Cox, who will join Wren and the club's other top scouts and administrators in Orlando next week for the planning meetings, certainly doesn't buy into the possibility that the team could opt to trade Vazquez, who went 15-10 with a 2.87 ERA and notched 238 strikeouts in his first season with the Braves this year.
"I haven't ever thought about trading him," Cox said. "I know we've got him for one more year. You'd have to get an awful lot."
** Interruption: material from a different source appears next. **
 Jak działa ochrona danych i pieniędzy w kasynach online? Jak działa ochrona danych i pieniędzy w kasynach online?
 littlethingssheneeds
As I see it, the Braves have four obvious choices for the 2010 rotation.
SP1) Javier Vazquez
SP2) Tim Hudson
SP3) Tommy Hanson
SP4) Jair Jurrjens
The fifth spot is where the Braves have some room to maneuver. Derek Lowe, Kenshin Kawakami, and Kris Medlen could all be viable options. Depending on what happens with the bullpen in the offseason, it might be worth giving Medlen a serious look as the fifth starter during spring training. Alternatively, he might be paired with Hanson as a long reliever to help manage the latter's workload.
I suppose the point I'm trying to get across is that there are a lot of places Frank Wren could go from here. It's encouraging that he's looking at trading his most expensive, least effective pitcher (though I assume the Braves would end up eating a significant portion of his salary in any trade).